Interest in the new version of Atlantis sparked speculations about whether there might be other lost lands. Some years earlier Victorian scientists had conjectured that a land-bridge must once have spanned the Indian Ocean, because of the distribution of lemurs and other animals across Africa and southern Asia. A geologist, Philip Sclater, had dubbed this sunken bridge 'Lemuria'. Madame Blavatsky adopted this lost land and extended it, taking it around into the Atlantic and far across the Pacific, making it the home of her third 'root-race', prior to the Atlanteans. Her Lemurians were huge and hermaphroditic. Some had four arms, and eyes at the back of their heads. Yet they were a further step towards familiar humanity, leading to the Atlanteans, and their era was reasonably happy. Scott-Elliott followed this up with his own unique conceptions. In The Lost Lemuria (1904), he revealed Lemurians who were twelve feet tall, leading tame pleiosaurs on leashes. Despite this early feat of domestication, however, they were not an advanced people, and only made what progress they did through the help of higher beings from Venus who arrived as teachers of useful arts, such as metallurgy, agriculture, and large-scale building.

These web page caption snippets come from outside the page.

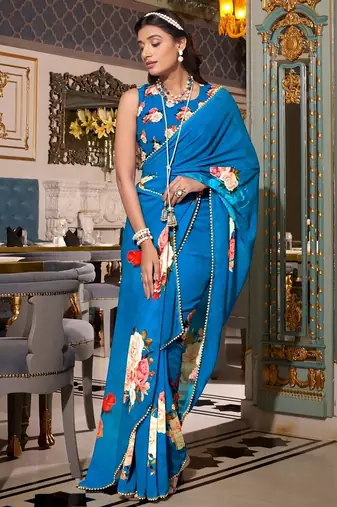 Firozi georgette smart floral printed saree with pearl lace border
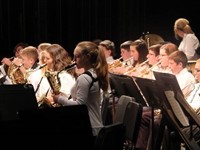 medium shot of students playing instruments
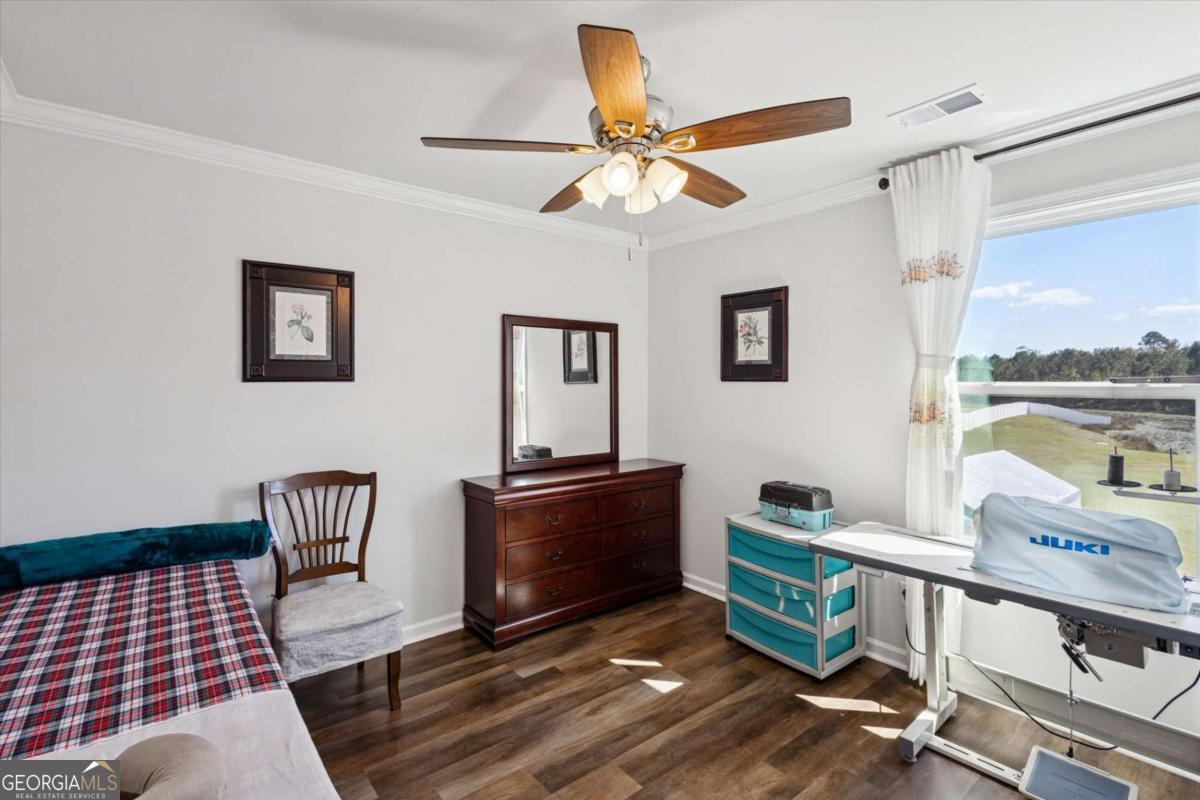 455 Tondee Way Midway, GA 31320 - Photo 36 of 52 a living room with furniture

Their status was happily transformed by Colonel James Churchward, a British army officer, who drew inspiration from studies of the Maya of Yucatan. A Mayan text, the Troano Codex, had been 'translated' as an account of the volcanic destruction of a country called Mu. At first Mu was equated with Atlantis, but Churchward placed it in the Pacific. It was not the same as the Theosophists' huge trans-continental Lemuria, but it was the principal portion of it, extending across the ocean six thousand miles from east to west, three thousand from north to south. Churchward claimed for Mu the sort of exalted attributes others had claimed for Atlantis. It was Mu in fact, not Donnelly's Atlantis, that was the location of Eden and the first "highest and most ancient civilization the world has known." How did he know this? A Hindu priest had taught him an almost-forgotten language, Naacal, enabling him to translate a series of stone tablets in an Indian temple. He identified religious symbols, myths, and folklore from many places as having Muvian inspiration and thereby attesting to its reality. Volcanic cataclysm had broken Mu apart, but it survived, in fragmented form, as Polynesia; Easter Island, with its bizarre, intriguing statues, was claimed as a Muvian fragment and evidence of its existence.